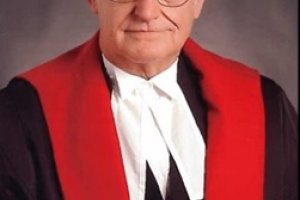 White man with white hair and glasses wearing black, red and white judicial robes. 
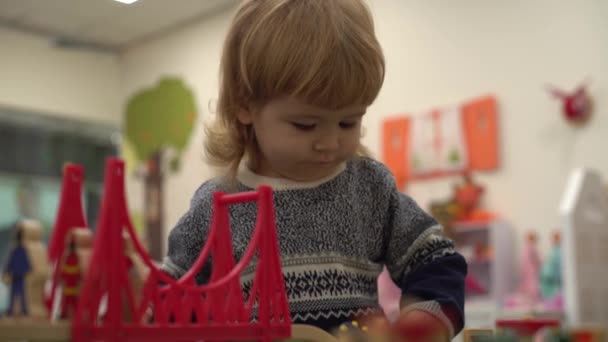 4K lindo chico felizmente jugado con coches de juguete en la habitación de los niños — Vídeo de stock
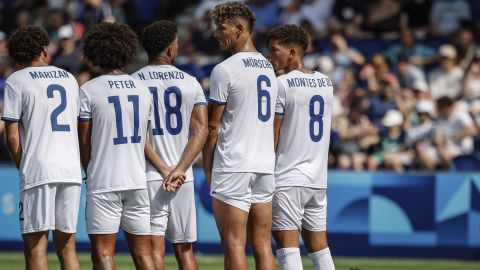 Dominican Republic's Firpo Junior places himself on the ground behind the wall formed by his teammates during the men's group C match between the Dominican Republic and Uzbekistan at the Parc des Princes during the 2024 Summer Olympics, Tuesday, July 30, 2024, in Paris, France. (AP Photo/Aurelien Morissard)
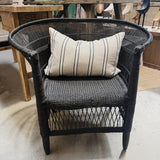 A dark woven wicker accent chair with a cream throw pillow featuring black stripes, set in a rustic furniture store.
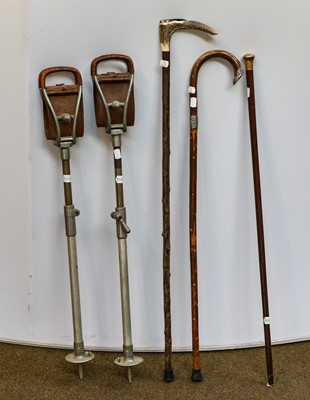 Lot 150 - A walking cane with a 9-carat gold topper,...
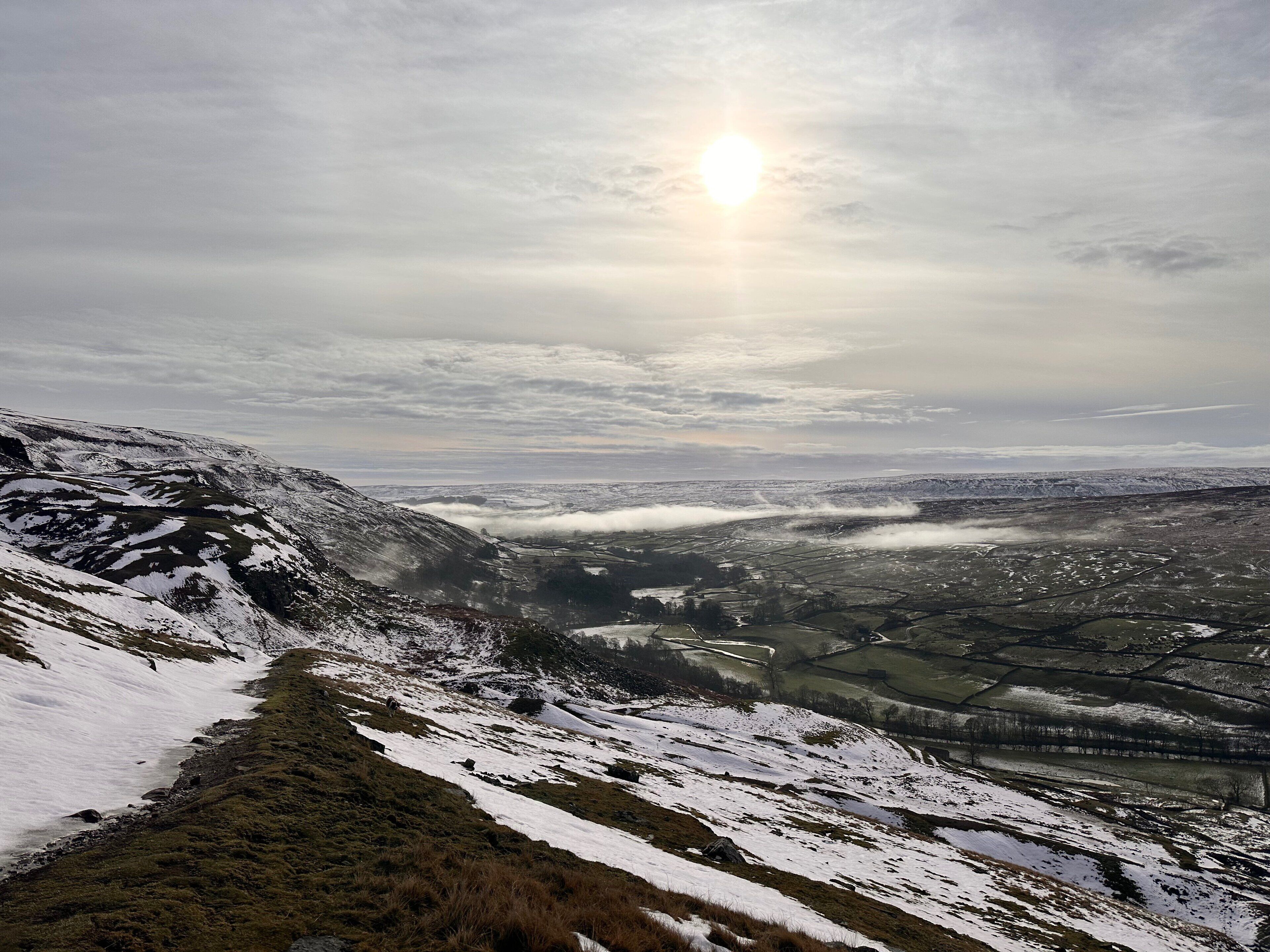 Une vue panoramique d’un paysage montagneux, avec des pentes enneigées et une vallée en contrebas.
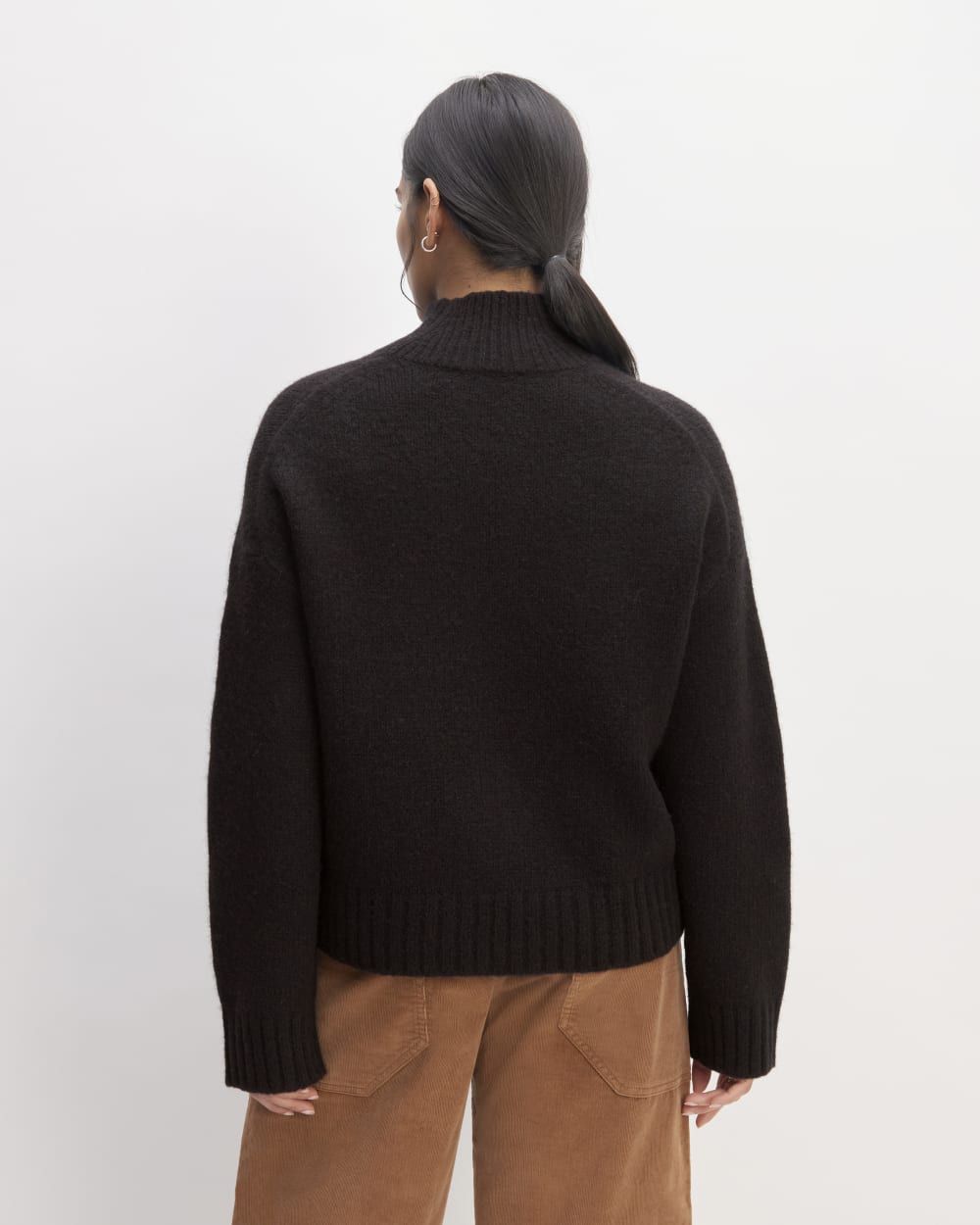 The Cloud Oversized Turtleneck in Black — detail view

□ □ □

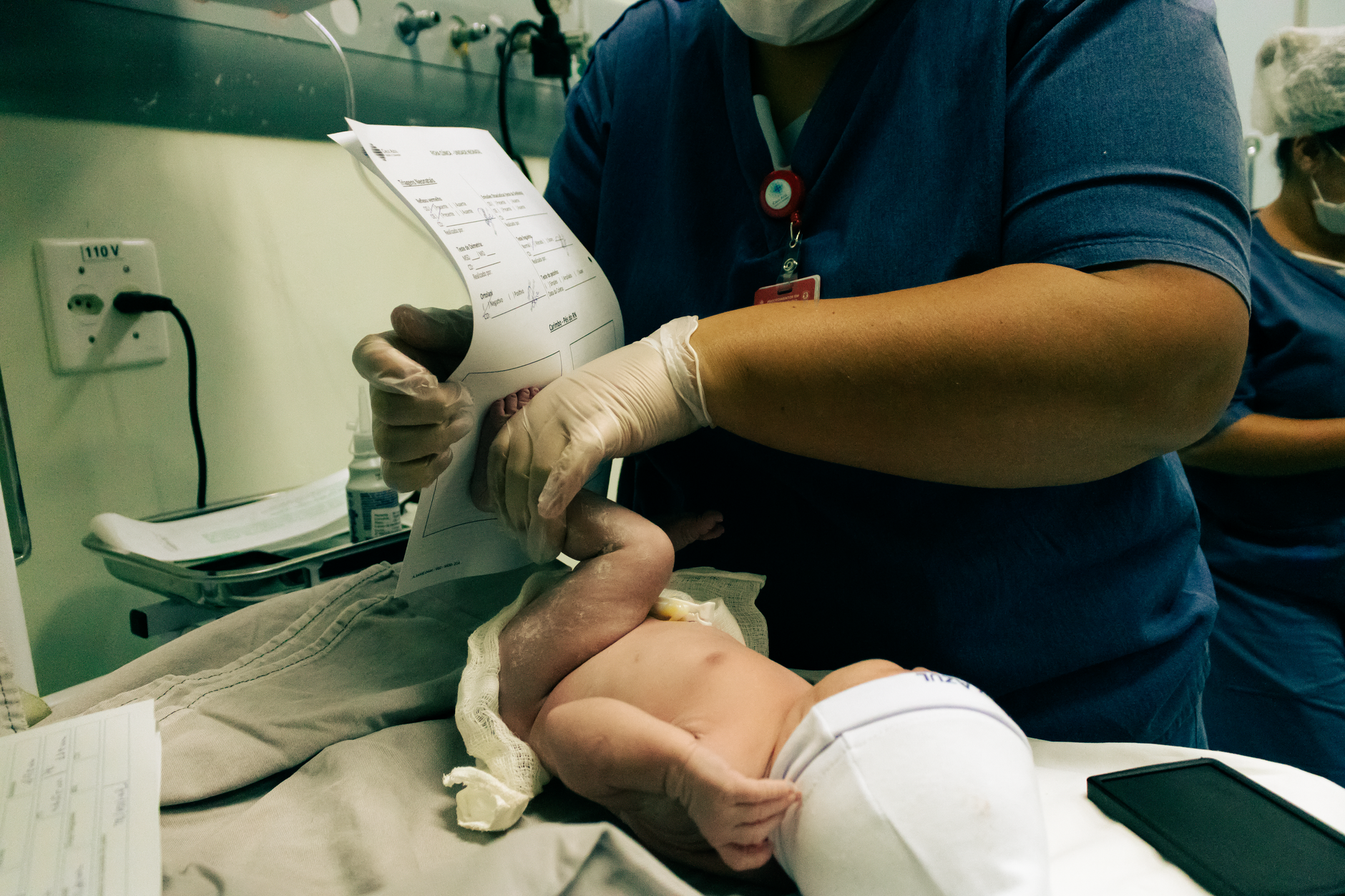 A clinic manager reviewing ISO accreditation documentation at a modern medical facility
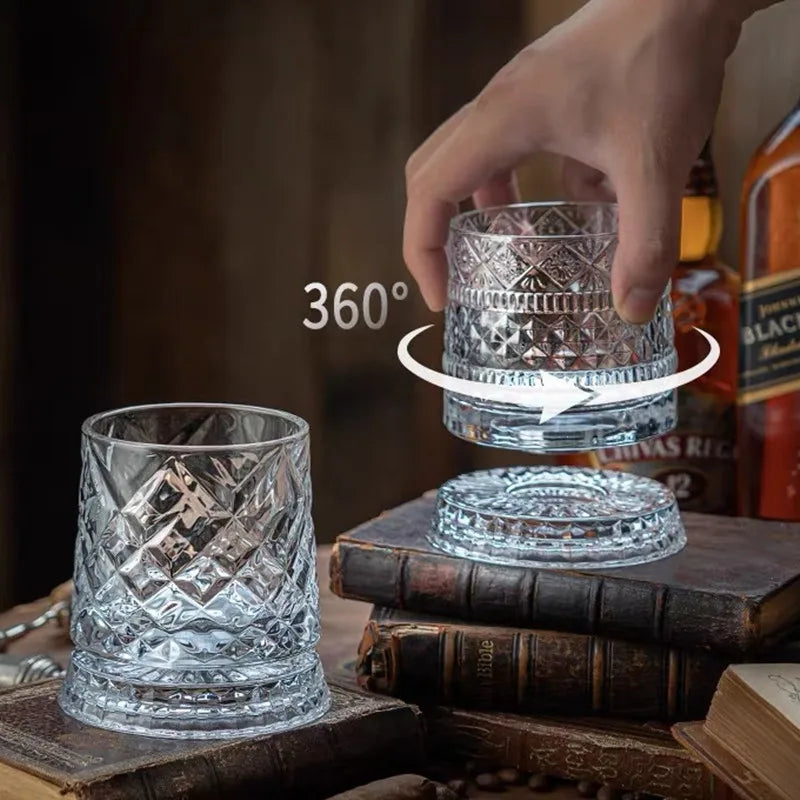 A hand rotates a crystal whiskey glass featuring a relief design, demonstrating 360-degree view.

□ □ □

#### WHAT IS BEING ASKED:
Pictures in the entries do not go into the copy. Print only the lines starting at the one containing "Lot 150 - A" and ending at the one containing "The Cloud Oversized", exactly as they appear.

#### SOLUTION TO THE PROBLEM:
 Lot 150 - A walking cane with a 9-carat gold topper,...
 Une vue panoramique d’un paysage montagneux, avec des pentes enneigées et une vallée en contrebas.
 The Cloud Oversized Turtleneck in Black — detail view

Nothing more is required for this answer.